After my firearm and ammo food is the heaviest part of my pack.
This year:
Dehydrated backpack meals, Mountain House or Peak.
Instant oatmeal
Salami n cheese
Ritz crackers, a roll
Jerky
Whole cashews
6 apples, one a day
Coffee, powdered cocoa, powdered Gatorade
6 small carrots, one a day.
Hershey's Almond Kisses.

Weapon:
My gun this year: A 6.7 lb Model 7 .308 with ten 165gr Partitions.....Two shells to kill an elk and eight to fend off the bears and mountain lions. This year 2 mountain lions, a kitten and a large adult, came within 200 yards of my tent. A plus actually, they kept the bears away.

Gear:
My tent is a one-man Big Agnes Fly Creek.
0° 800 waterproof down Big Agnes sleeping bag, no pad.
A water filter pump is not reliable in below freezing temps. Carry water purifying tablets.
JetBoil stove, a Sumo this year to make coffee and hot chocolate for when my family comes up to spike camp.
The large size Wyoming saw.
A knife sharpener.
4 Allen 28" x 50" game bags.
A medium-sized day pack.
Cell phone (my camera and GPS) and a battery pack good for 4 days.
A plastic trowel for digging my camp "cathole".
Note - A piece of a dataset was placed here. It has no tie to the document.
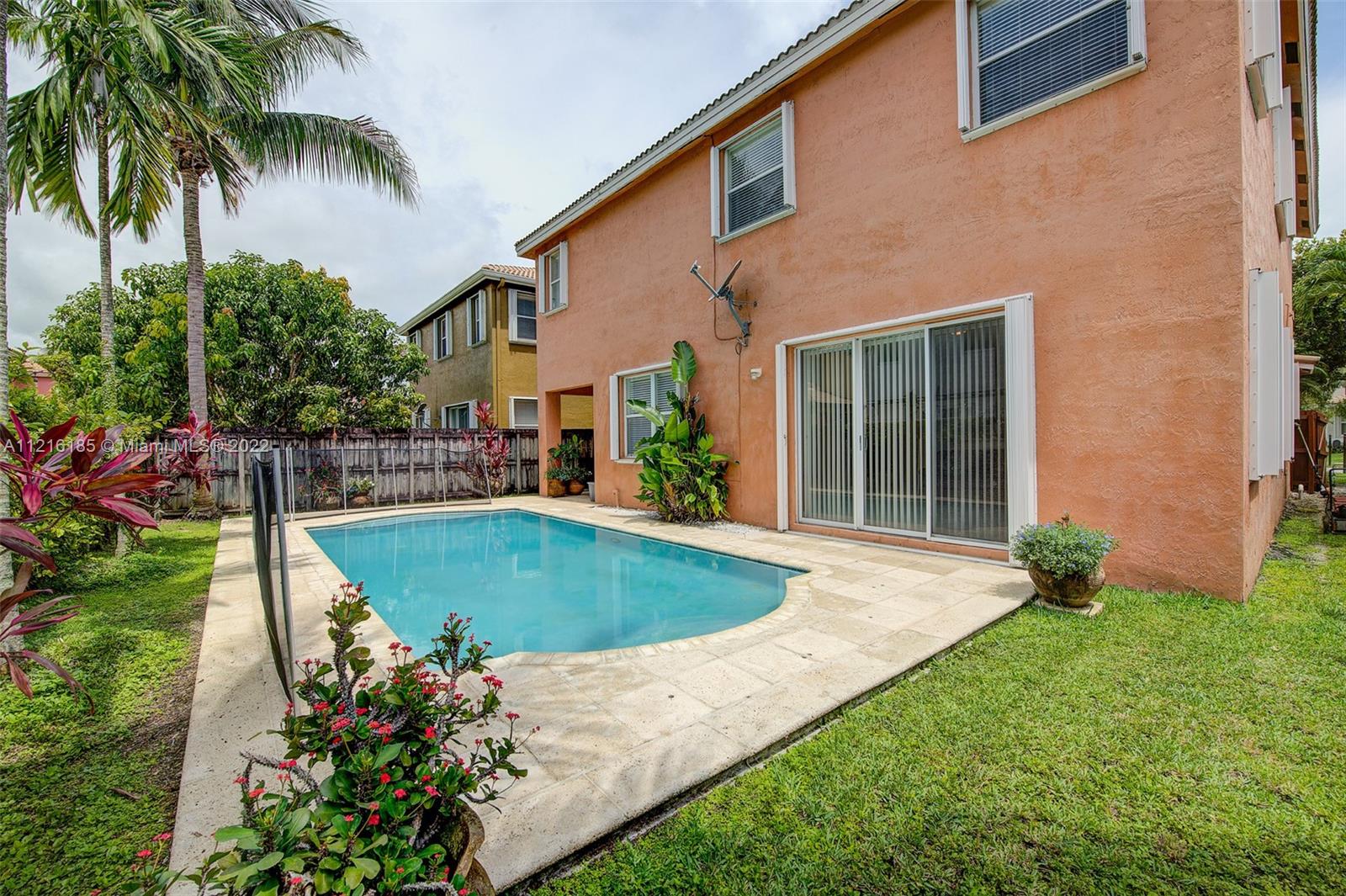 KENDALL COUNTRY ESTATES - Residential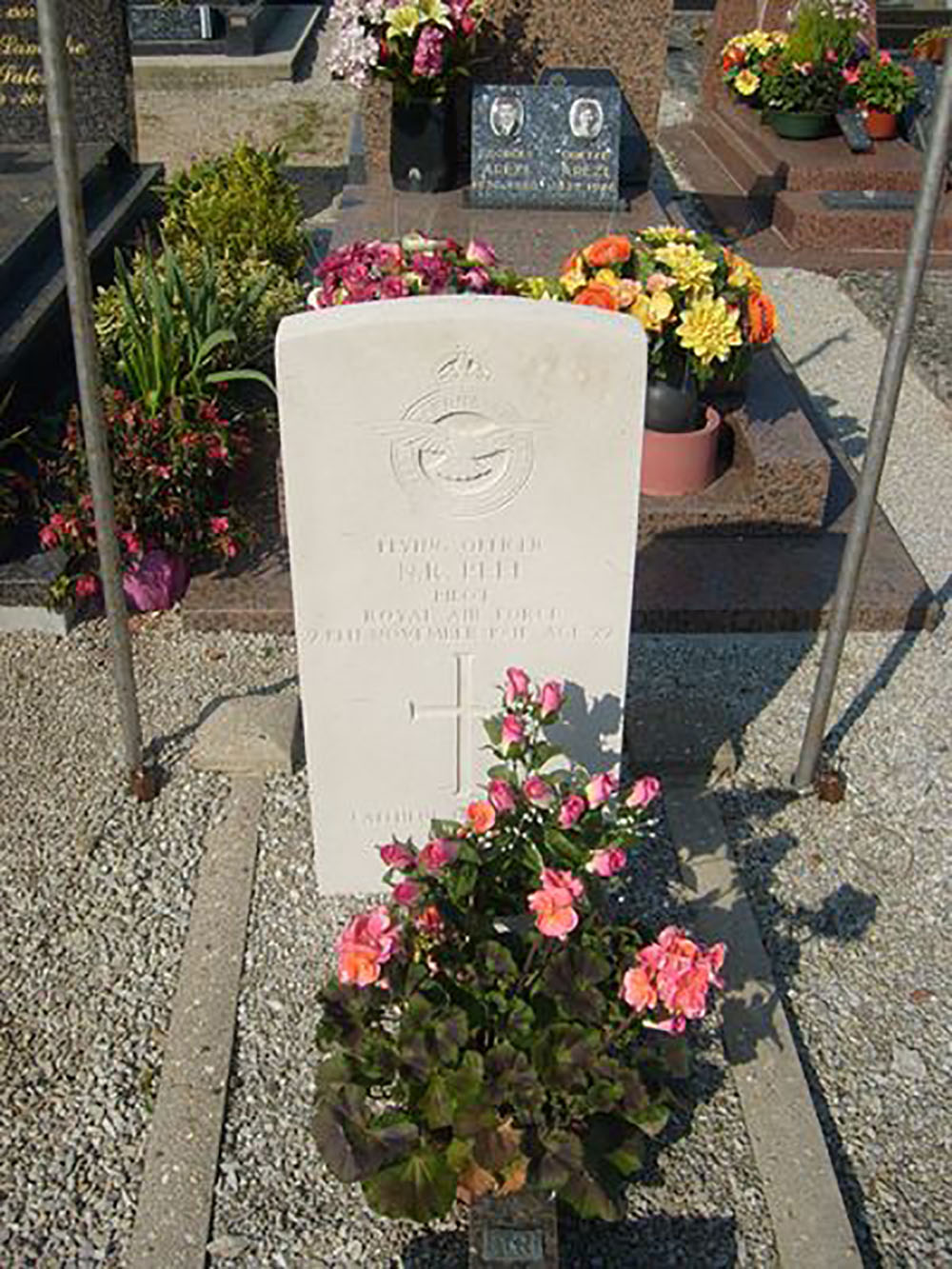 Commonwealth War Grave Grandcamp-Maisy #1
Didn't weigh my pack, didn't matter, was loaded with enough food and gear for 6 days or so in any kind of weather. My guess is it weighed 60 to 63 pounds.
If I'm lucky I'll tag out early and pack meat back n forth to the road and I can take back things I won't need or get stuff I lack up to spike camp.








God's country








spike camp








Can you see the elk feeding in the clearing above my tent?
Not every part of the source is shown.